Male Invincibility

Until I discovered I was transgender, I had 60 years of living with male privilege. For me it has been a two-edged sword. Arguably male privilege has its advantages, all well documented with extremely valid points made by so many writers. No need to be repetitive here.
But for someone who has lived a lifetime suppressing their gender to meet all of the requirements of being male, the privileges have come with a very painful price tag, suppression of my soul. I was confined to a role and sure, the role had benefits, but it was still a role.
It wasn’t me.
For 60 years I wasn’t sure what I was but I was well trained to be a guy. I was invincible. I walked the streets at any time, day or night, and had no fear. I might get mugged for money but no one wanted to force sex on me. I had that privilege and I find now that, since I will probably change my gender, that privilege was enormously overlooked.

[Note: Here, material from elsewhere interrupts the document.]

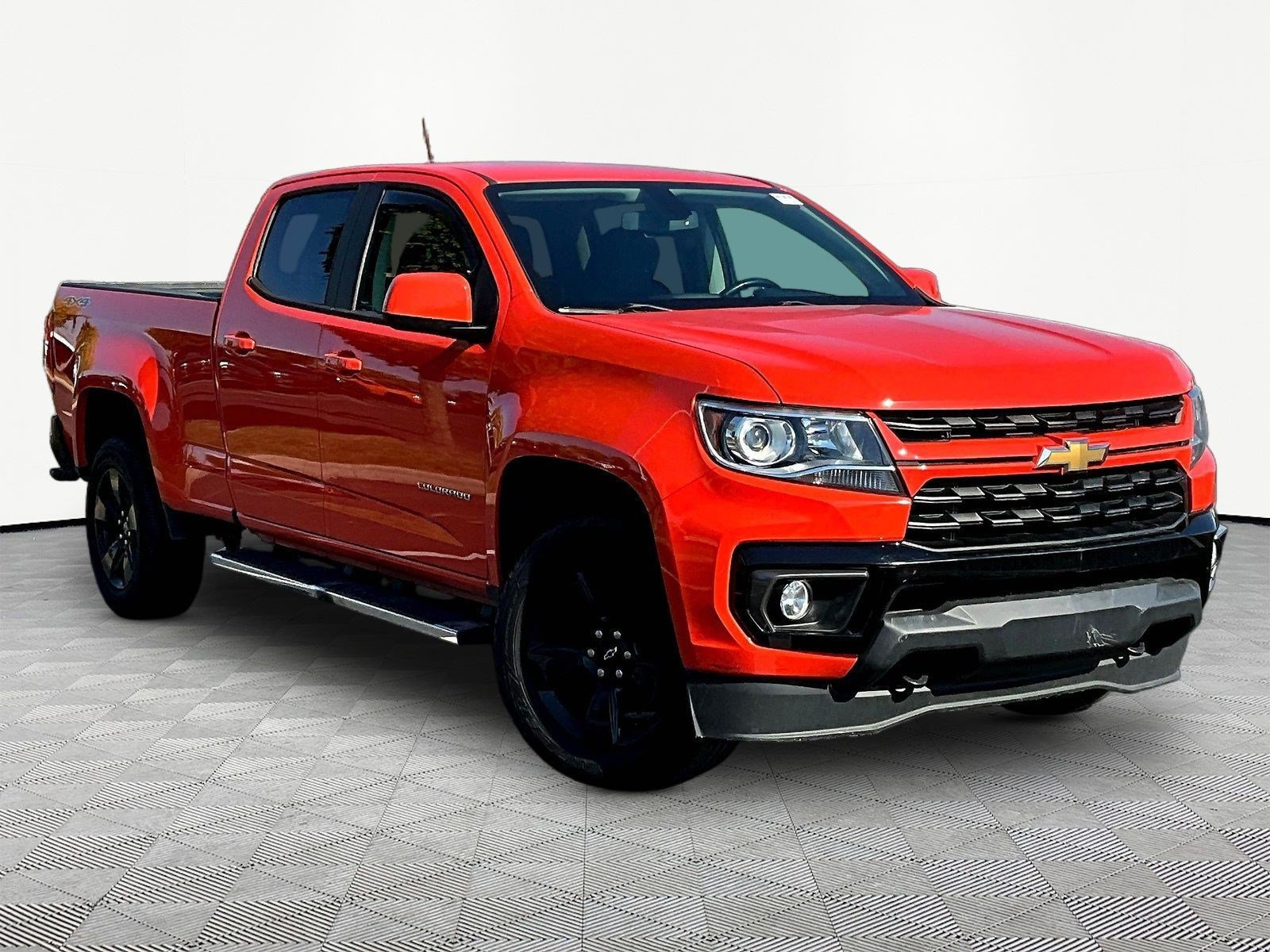 Used 2021 Chevrolet Colorado LT w/ Luxury Package AWD/4WD image 3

Strangely, with only a year and a half on HRT and totally presenting as male, I have had a very minor hint of a feeling of vulnerability. I feel it on the subway at night and sometimes during the day. It is an alien sensation that I have never felt before. It is unsettling and it will be a permanent part of the life I am choosing.
I will no longer be able to take my surrounding for granted. I won’t be able to comfortably have a late night drink on the way home alone. Dark streets are more threatening and groups of guys are more menacing. A guy walking behind me is a potential danger I can’t ignore.

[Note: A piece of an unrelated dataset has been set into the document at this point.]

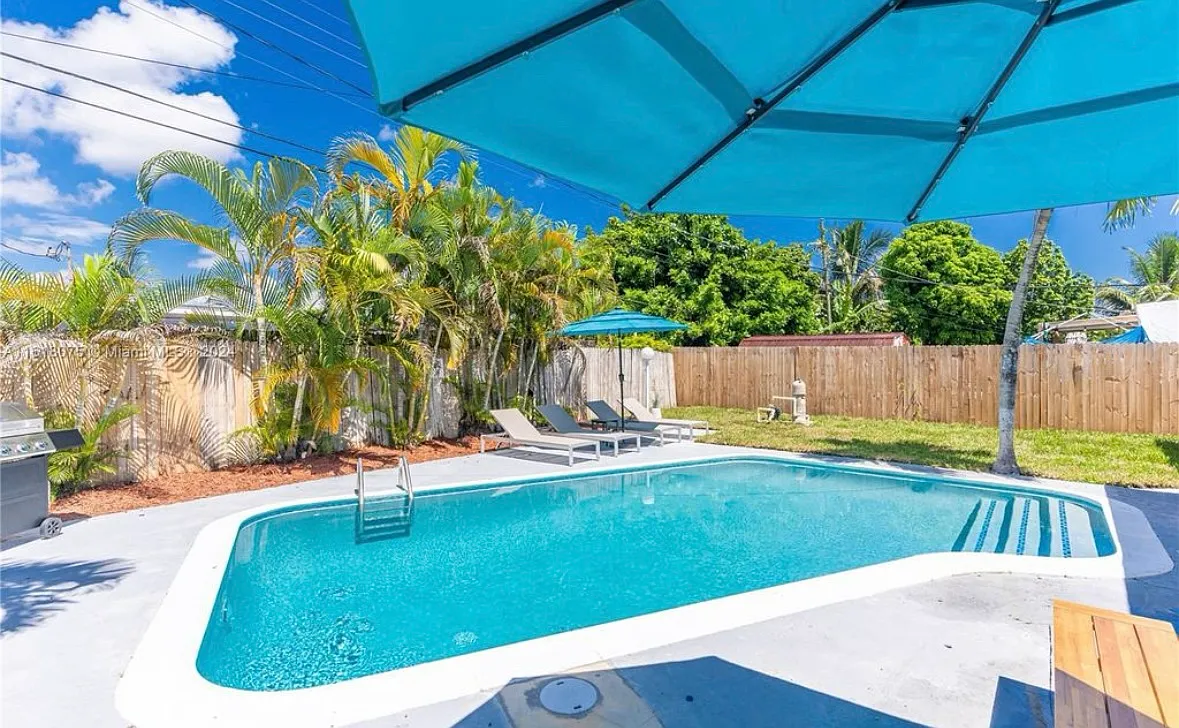 6425 SW 22nd Ct — Photo 1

And the lack of privilege doesn’t stop there. I have heard from other transwoman that even in their same profession, their opinion is suddenly less valid and sometimes totally ignored. Others have resorted to using their male voice when dealing bureaucratic difficulties on the telephone. They now feel totally isolated by politics and feel the contempt that religions hold for their gender.
I need to accept the fact that I am surrendering my male privilege card to just be me. I strongly believe that the trade is worth it. I have spent the last three years painfully proving it to myself.
My physical world will shrink a little but it will be replaced with one that I can breathe in. I am leaving behind a world of the emotionally color blind for a world in emotional Technicolor. I am opening my heart up in a way that has never seen the light of day before and my soul will finally be able to feel the peace and joy of being, simply me.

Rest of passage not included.